II Review of Ladder Symmetries in Reissner-Nordström and Kerr Case

Before we move on to a more general calculation, it is useful to recall the computation of ladder symmetry in the Reissner-Nordström and Kerr BH spacetimes. For our purpose, we shall only focus on the tidal response of these BHs in a scalar environment.

In the presence of a massless, static scalar field, the relevant perturbation equation takes the well-known Klein-Gordon form: $\Box\,\Phi(r,\theta,\phi)=0$ . Here, the d’Alembertian operator is defined with respect to the background metric, which for a Reissner-Nordström BH with mass $M$ and electric charge $Q$ ( $M\geq|Q|$ ) is given by

\mathrm{d}s^{2}=-f_{RN}(r)\,\mathrm{d}t^{2}+\frac{\mathrm{d}r^{2}}{f_{RN}(r)}+%r^{2}\,\mathrm{d}\Omega_{(2)}^{2}\,,

(2)

where $f_{RN}(r)=1-r_{s}/r+r_{Q}^{2}/r^{2}$ with $r_{s}=2M$ and $r_{Q}=Q$ . Hence, the horizons are located at $r_{\pm}=r_{s}/2\pm[(r_{s}/2)^{2}-r_{Q}^{2}]^{1/2}$ . Then, using a mode decomposition of the static scalar field in terms of spherical harmonics $\Phi_{\ell m}(r,\theta,\phi)=\phi_{\ell}(r)Y_{\ell m}(\theta,\phi)$ , the Klein-Gordon equation can be reduced to a second-order radial differential equation: $\partial_{r}(\Delta\,\partial_{r}\phi_{\ell})-\ell(\ell+1)\phi_{\ell}=0$ ,where $\Delta(r)=r^{2}\,f_{RN}(r)$ . This can be rewritten in a very suggestive form as $H_{\ell}\,\phi_{\ell}\,=0$ , with the following definition of the Hamiltonian,

H_{\ell}=-\Delta(r)\left[\partial_{r}\big{\{}\Delta(r)\partial_{r}\big{\}}-%\ell\big{(}\ell+1\big{)}\right]\,.

(3)

In analogy to quantum harmonic oscillator, the above Hamiltonian then supports factorization in terms of two first-order operatorsHui:2021vcv ; Berens:2022ebl ,

D_{\ell}^{+}=-\Delta(r)\,\partial_{r}-\frac{\ell+1}{2}\Delta^{\prime}(r)\,;\,D%_{\ell}^{-}=\Delta(r)\,\partial_{r}-\frac{\ell}{2}\Delta^{\prime}(r)\,,

(4)

which are coined as the raising and lowering operators, respectively.
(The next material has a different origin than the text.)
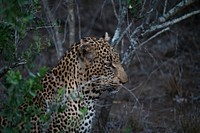 A leopard hiding behind a bush. Original public domain image from <a href="https://commons.wikimedia.org/wiki/File:Sneaky_jaguar_(Unsplash).jpg" target="_blank" rel="noopener noreferrer nofollow">Wikimedia Commons</a>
As their names suggest, $D_{\ell}^{\pm}$ connects the radial solution $\phi_{\ell}$ to $\phi_{\ell\pm 1}$ . In mathematical terms, this translates into two commutation relations with the Hamiltonian,

H_{\ell+1}\,D_{\ell}^{+}=D_{\ell}^{+}\,H_{\ell}\,;\,H_{\ell-1}D_{\ell}^{-}=D_{%\ell}^{-}H_{\ell}\,.

(5)

Also, the Hamiltonian is related to the two ladder operators as

\begin{split}H_{\ell}&=D_{\ell-1}^{+}D_{\ell}^{-}-\frac{\ell^{2}}{4}(r_{s}^{2}%-4r_{Q}^{2})\\&=D_{\ell+1}^{-}D_{\ell}^{+}-\frac{(\ell+1)^{2}}{4}(r_{s}^{2}-4r_{Q}^{2})\,.%\end{split}

(6)

The above set of relations in Eq.(5) and Eq.(6) define a ladder structure, which plays a key role in showing the vanishing of Love numbers for Reissner-Nordström BHs. For this purpose, let us first observe that for $\ell=0$ , $\phi_{0}=\text{constant}$ represents an allowed solution to the radial equation $H_{\ell}\phi_{\ell}=0$ . Then, any other solution with higher $\ell>0$ values can be constructed from $\phi_{0}$ by a repeated application of the raising operator as $\phi_{\ell}\propto D_{\ell-1}^{+}D_{\ell-2}^{+}...D_{1}^{+}D_{0}^{+}\phi_{0}$ .Note that such a solution yields a growing $r^{\ell}$ branch at infinity, which represents the tidal field in Newtonian terminology. Moreover, the ladder symmetry leads to a Noether current defined as $P_{\ell}(r)=\Delta\,\partial_{r}\left(D_{1}^{-}D_{2}^{-}\cdots D_{\ell}^{-}%\phi_{\ell}\right)$ , which is conserved $\partial_{r}P_{\ell}(r)=0$ on-shell. The utility of this conserved quantity lies in understanding how the asymptotic solutions with particular behaviors get connected to the near horizon ones without explicitly solving the differential equation.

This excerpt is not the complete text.